Liberty (which should NEVER be considered synonymous with democracy) was this nation's "central purpose" or "foundational idea." The Framers believed in natural rights and wanted to create a national bulwark to thwart the tyranny of the majority where necessary.

[Ed. Note: The picture is from StateNet, a site I found while looking for a picture of a ballot box with a gun barrel sticking out of it.]


  1. should see my prior post.

  2. Good post, Fred. I think Jeff has fallen into a common misconception most U.S. citizens I have met have fallen into. Democracy, in fact, scared the daylights out of the founding fathers--Madison, in particular. They were concerned with precisely using democracy as a check (albeit a limited one) on abuse of central power, while at the same time mitigating the possibility for the very check to become a tool for a radical dictator to take over--i.e., Hitler was popularly elected, Jeff. This is why the founders were concerned, not enthralled, with democracy.

  3. I don't think Hitler was popularly elected, 12:34, but the point's well tkaen though I doubt Jeff will care.

  4. What's popularly elected mean? Is POTUS popularly elected? Weimar Germany was a parliamentary democracy. Hitler's Nazi party won a large plurality of the vote in the 1932 election, gaining 37.8%. Considering there were 14 parties competing and gaining seats, that's about as good as you can get.

  5. Fred --

    While you're undoubtably right that the Founders were concerned about democracy, your argument overlooks what I would say are two important points that problematize your claim:

    First, you're clearly a deep believer in the power and self-evidence of liberalism and liberty. Clearly, many of the Founders were as well. However, to say that it was its founding ideal may overstate the case -- while certain liberal principles were offered in the Declaration as the philosophical reason for a right to rebel against Crown and Parliament, the practical reason for the revolution was "no taxation without representation." So even at the very beginning, what was radical about the American Revolution was its call for democracy.

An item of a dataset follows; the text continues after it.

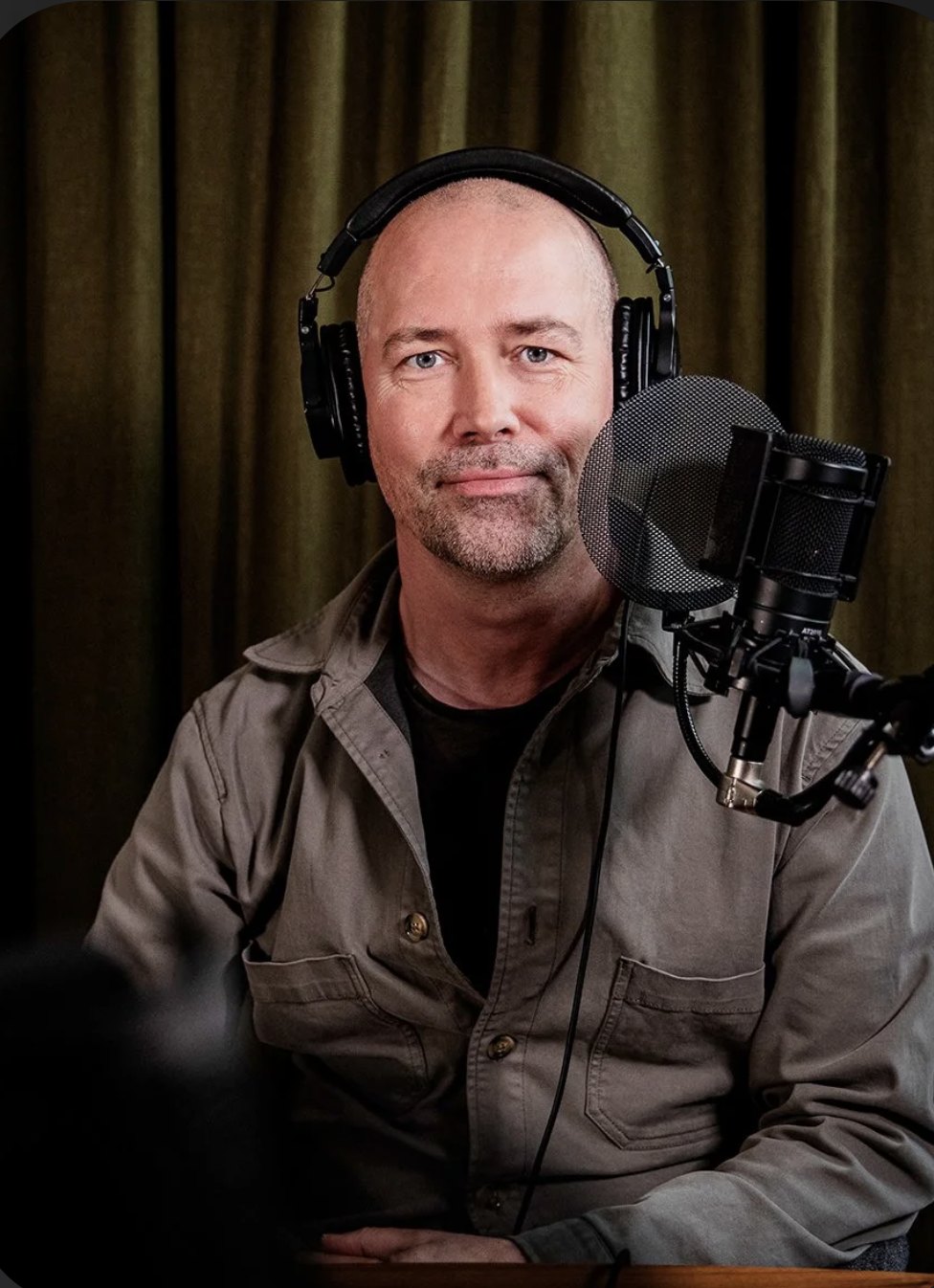 Magnus Ohlsson i studio, med hörlurar och mikrofon framför sig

    This is further supported by the fact that England at this time was a very liberal country by the standards of the day -- the King had been a limited monarch since the Glorious Revolution, there was a large body of unwritten constitutional law (which by fact of being unwritten more closely approximates the natural rights you talk about), and there was a fairly robust liberal society.

    So ... if Britain was a liberal society, or had the makings of one, why did the Founders feel the need to revolt? Frankly, when compared to the French or Russian Revolutions, the American colonists had relatively little cause (so far as I know; I haven't read anything about the actual economic effects of the Intolerable Acts, though I would like to).

    I would put forth that the answer was democracy, of some form or another.

    Which leads into my second point:

    The Founders were all white male landowners, and therefore their concern about democracy might have been particular instead of universal.

    I don't think they were wrong, as wealthy landowners, to fear democracy. The problem(?) of stealing from the rich to give to the poor is uniquely difficult to solve by majority vote when the poor outnumber the rich, though the privileged classes nevertheless done a pretty good protecting their privileges over the past two and a half centuries.

    Therefore, I believe that the restraints on democracy in our constitutional structure should not be read to unseat the centrality of democracy, but rather to solve what is an effect the equivalent of a market failure: the problem of overappropriation of wealth.

    Restraints on majority rule are good; though designed to protect privilege, they have been used to protect rights. Furthermore, it is appropriate from a utilitarian view and a Rawlsian one to allow the wealthy to keep most of their wealth.

    However, the question of how much wealth they are allowed to keep is one that inevitably falls to the expressed will of our democratic representatives.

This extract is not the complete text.